Kejaksaan Agung (Kejagung) menerima pengembalian uang senilai lebih dari Rp 10 miliar. Uang ini diduga berasal dari tindak pidana korupsi, dan pencucian uang (TPPU) penyediaan infrastruktur BTS 4G Bakti Kemenkominfo.
Direktur Penyidikan Jaksa Agung Muda Tindak Pidana Khusus (Jampidsus) Kuntadi mengatakan, uang pengembalian tersebut, belum termasuk sejumlah aset yang disita dari para tersangka, dan saksi-saksi terperiksa dalam pengungkapan. Selain itu, jumlah uang yang dikembalikan tersebut, belum termasuk dana fasilitas proyek BTS 4G Bakti Kemenkominfo yang digunakan pihak-pihak tertentu.
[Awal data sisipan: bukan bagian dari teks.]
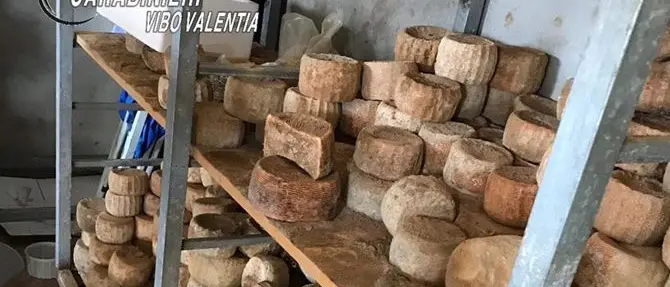 Formaggi ammuffiti e guasti, chiuso caseificio nel Vibonese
“Untuk yang telah dikembalikan terkait penyidikan korupsi BTS 4G Bakti, itu setotal sementara ini (Rp) 10,149 miliar,” kata Kuntadi di Kejagung, Jakarta, Senin (13/3/2023).
“Pengembalian uang dugaan hasil tindak pidana korupsi tersebut, belum termasuk sitaan aset-aset seperti kendaraan mobil, dan bermotor, serta rumah,” ujar Kuntadi menambahkan.
Namun dia tak menerangkan nilai 10 miliar pengembalian uang hasil korupsi BTS 4G tersebut berasal dari pihak mana saja. Akan tetapi sepanjang pekan lalu, Kuntadi menyampaikan tim penyidikannya telah menerima uang senilai Rp 1,5 miliar dari Human Development Universitas Indonesia (Hudev UI) terkait dengan pengkajian fiktif proyek pembangunan BTS 4G Bakti Kemenkominfo.
Penyidik Jampidsus juga ada menerima uang senilai Rp 600 juta dari sejumlah saksi terperiksa di Kemenkominfo dan Bakti. Terkait penyitaan, penyidik pada awal-awal pengungkapan sudah menyita tiga unit mobil.